Graphic with speaker Klaus-Robert Müller

Join us for a talk by Klaus-Robert Müller, professor of computer science at Technische Universität Berlin. Everybody is welcome to attend.

Title

ML for the sciences: towards understanding 

Abstract

In recent years, machine learning (ML) and artificial intelligence (AI) methods have begun to play a more and more enabling role in the sciences and in industry. In particular, the advent of large and/or complex data corpora has given rise to new technological challenges and possibilities. In his talk, Müller will touch upon the topic of ML applications in the sciences, in particular in physics and chemistry. He will also discuss possibilities for extracting information from machine learning models to further our understanding by explaining nonlinear ML models. Finally, Müller will briefly discuss perspectives and limitations.

Bio

Klaus-Robert Müller has been a professor of computer science at Technische Universität Berlin since 2006; at the same time, he is directing rsp. co-directing the Berlin Machine Learning Center and the Berlin Big Data Center and most recently the Berlin Institute for the Foundations of Learning and Data (BIFOLD). He studied physics in Karlsruhe from 1984 to 1989 and obtained his Ph.D. degree in computer science at Technische Universität Karlsruhe in 1992.

After completing a postdoctoral position at GMD FIRST in Berlin, he was a research fellow at the University of Tokyo from 1994 to 1995. In 1995, he founded the Intelligent Data Analysis group at GMD-FIRST (later Fraunhofer FIRST) and directed it until 2008. From 1999 to 2006, he was a professor at the University of Potsdam. From 2012 he has been Distinguished Professor at Korea University in Seoul. In 2020/2021 he spent his sabbatical at Google Brain as a Principal Scientist. Among others, he was awarded the Olympus Prize for Pattern Recognition (1999), the SEL Alcatel Communication Award (2006), the Science Prize of Berlin by the Governing Mayor of Berlin (2014), the Vodafone Innovations Award (2017), Pattern Recognition Best Paper award (2020), Digital Signal Processing Best Paper award (2022).

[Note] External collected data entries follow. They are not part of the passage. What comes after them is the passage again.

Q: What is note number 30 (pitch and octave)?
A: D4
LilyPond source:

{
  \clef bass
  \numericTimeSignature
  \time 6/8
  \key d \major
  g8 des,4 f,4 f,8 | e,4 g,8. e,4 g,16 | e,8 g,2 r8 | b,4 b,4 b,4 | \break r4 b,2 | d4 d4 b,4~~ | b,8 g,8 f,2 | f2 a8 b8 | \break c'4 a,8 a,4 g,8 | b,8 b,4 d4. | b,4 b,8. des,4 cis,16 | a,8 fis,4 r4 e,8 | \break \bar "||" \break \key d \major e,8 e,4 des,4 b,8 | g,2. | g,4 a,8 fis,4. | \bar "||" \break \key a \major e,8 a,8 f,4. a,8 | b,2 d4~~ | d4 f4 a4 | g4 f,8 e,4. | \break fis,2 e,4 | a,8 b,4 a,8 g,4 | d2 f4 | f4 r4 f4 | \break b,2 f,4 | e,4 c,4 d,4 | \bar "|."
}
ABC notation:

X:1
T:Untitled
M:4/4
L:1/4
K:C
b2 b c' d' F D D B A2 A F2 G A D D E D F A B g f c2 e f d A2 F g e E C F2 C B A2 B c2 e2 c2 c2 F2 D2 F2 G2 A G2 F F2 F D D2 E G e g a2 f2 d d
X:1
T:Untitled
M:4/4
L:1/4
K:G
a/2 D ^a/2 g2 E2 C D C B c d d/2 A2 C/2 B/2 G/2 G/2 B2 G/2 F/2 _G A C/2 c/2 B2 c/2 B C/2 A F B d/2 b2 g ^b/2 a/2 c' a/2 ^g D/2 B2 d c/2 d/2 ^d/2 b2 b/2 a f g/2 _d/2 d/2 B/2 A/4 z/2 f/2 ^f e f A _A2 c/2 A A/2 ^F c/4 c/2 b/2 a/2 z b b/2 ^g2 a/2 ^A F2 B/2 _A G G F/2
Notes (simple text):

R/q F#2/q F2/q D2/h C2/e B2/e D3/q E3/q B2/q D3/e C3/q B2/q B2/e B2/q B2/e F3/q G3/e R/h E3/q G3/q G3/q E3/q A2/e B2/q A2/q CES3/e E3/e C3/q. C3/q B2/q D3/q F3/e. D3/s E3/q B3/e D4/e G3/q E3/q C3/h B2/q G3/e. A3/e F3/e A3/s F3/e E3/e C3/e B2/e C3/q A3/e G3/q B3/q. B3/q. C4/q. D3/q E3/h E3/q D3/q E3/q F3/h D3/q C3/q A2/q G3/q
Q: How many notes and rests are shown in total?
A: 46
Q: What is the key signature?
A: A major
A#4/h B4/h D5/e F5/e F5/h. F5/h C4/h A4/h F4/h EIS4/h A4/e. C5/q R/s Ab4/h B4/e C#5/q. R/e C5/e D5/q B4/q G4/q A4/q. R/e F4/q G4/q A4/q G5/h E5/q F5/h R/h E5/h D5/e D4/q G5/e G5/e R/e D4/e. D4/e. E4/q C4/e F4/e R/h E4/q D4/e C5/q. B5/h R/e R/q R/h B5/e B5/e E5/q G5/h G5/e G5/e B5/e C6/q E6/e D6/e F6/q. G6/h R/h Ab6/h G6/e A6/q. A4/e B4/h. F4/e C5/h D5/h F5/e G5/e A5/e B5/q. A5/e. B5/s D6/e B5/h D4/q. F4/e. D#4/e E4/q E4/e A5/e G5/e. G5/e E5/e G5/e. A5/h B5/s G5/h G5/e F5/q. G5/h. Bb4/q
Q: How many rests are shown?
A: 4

In 2012, he was elected member of the German National Academy of Sciences-Leopoldina, in 2017 of the Berlin Brandenburg Academy of Sciences, in 2021 of the German National Academy of Science and Engineering and also in 2017 external scientific member of the Max Planck Society. From 2019 on he became an ISI Highly Cited researcher in the cross-disciplinary area. His research interests are intelligent data analysis and Machine Learning in the sciences (Neuroscience (specifically Brain-Computer Interfaces, Physics) Chemistry) and industry.